DATA TO PROCESS -

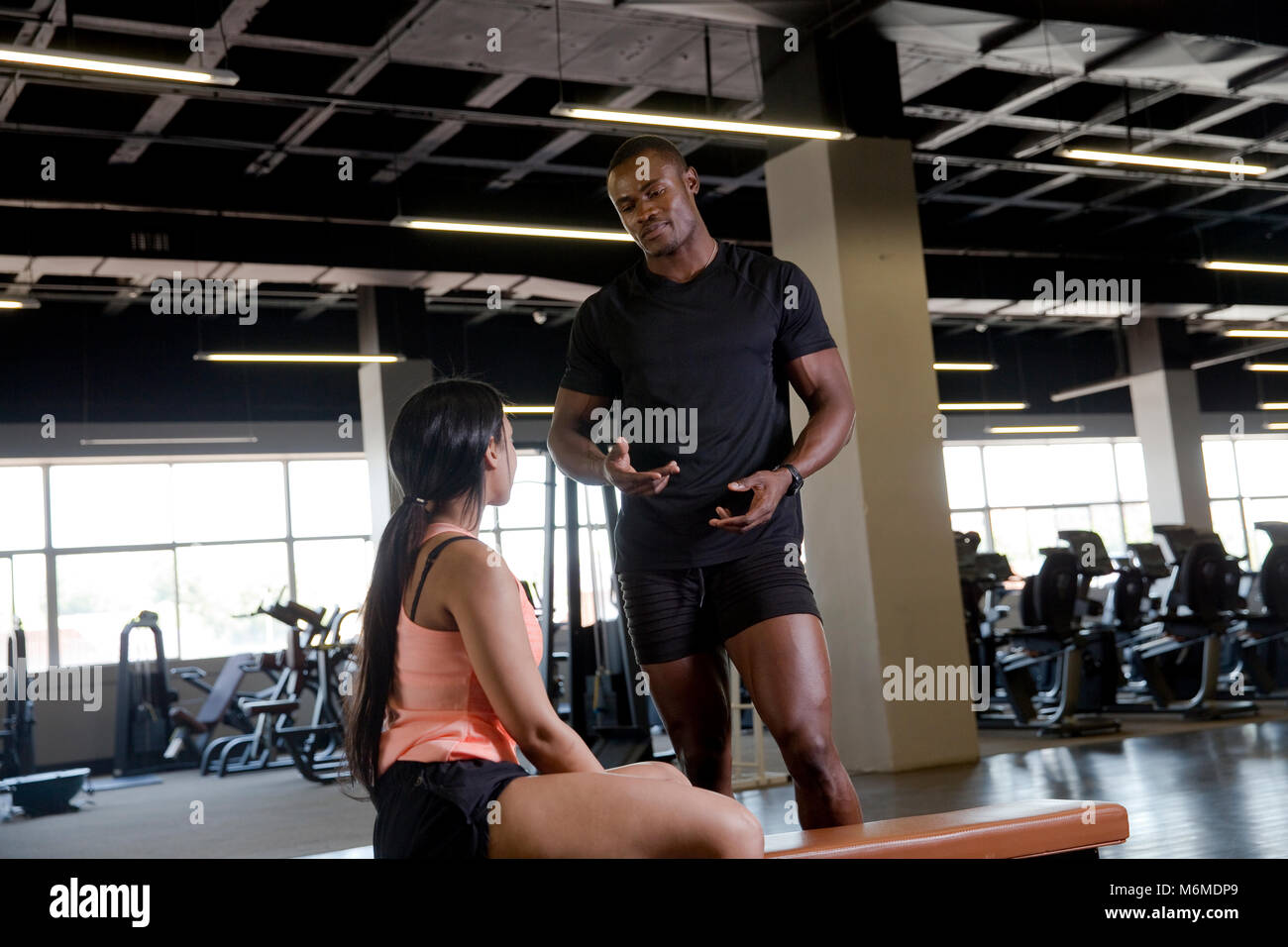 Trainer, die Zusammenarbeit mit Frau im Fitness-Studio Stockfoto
* * *
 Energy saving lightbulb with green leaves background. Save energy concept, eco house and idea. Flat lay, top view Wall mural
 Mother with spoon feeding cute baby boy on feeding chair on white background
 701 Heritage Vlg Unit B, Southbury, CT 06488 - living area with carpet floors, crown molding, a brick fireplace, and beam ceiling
...
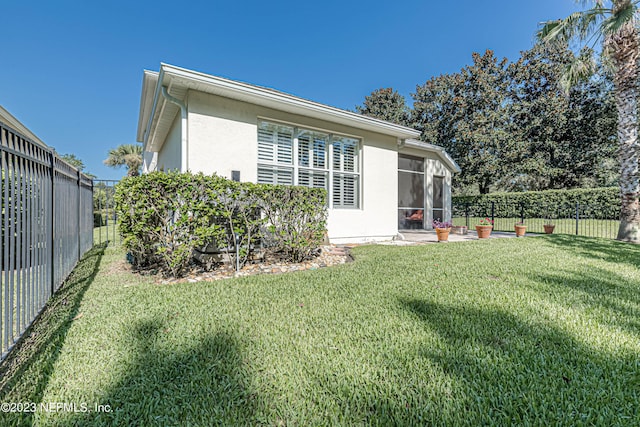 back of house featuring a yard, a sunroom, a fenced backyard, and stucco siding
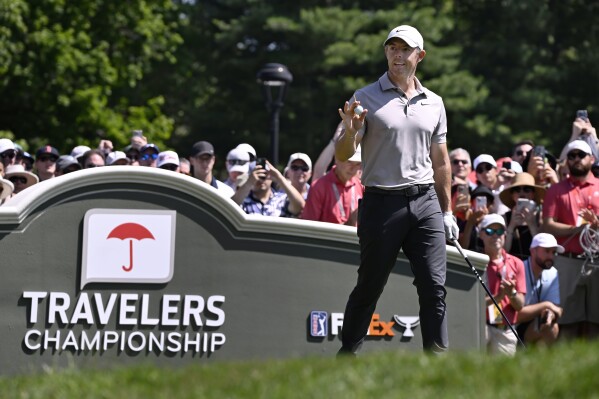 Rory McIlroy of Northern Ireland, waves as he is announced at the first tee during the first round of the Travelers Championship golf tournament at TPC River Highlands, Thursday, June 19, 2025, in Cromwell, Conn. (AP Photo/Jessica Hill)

ABOUT THIS TASK - Write out each line above with the word "background".

FINAL ANSWER -
 Energy saving lightbulb with green leaves background. Save energy concept, eco house and idea. Flat lay, top view Wall mural
 Mother with spoon feeding cute baby boy on feeding chair on white background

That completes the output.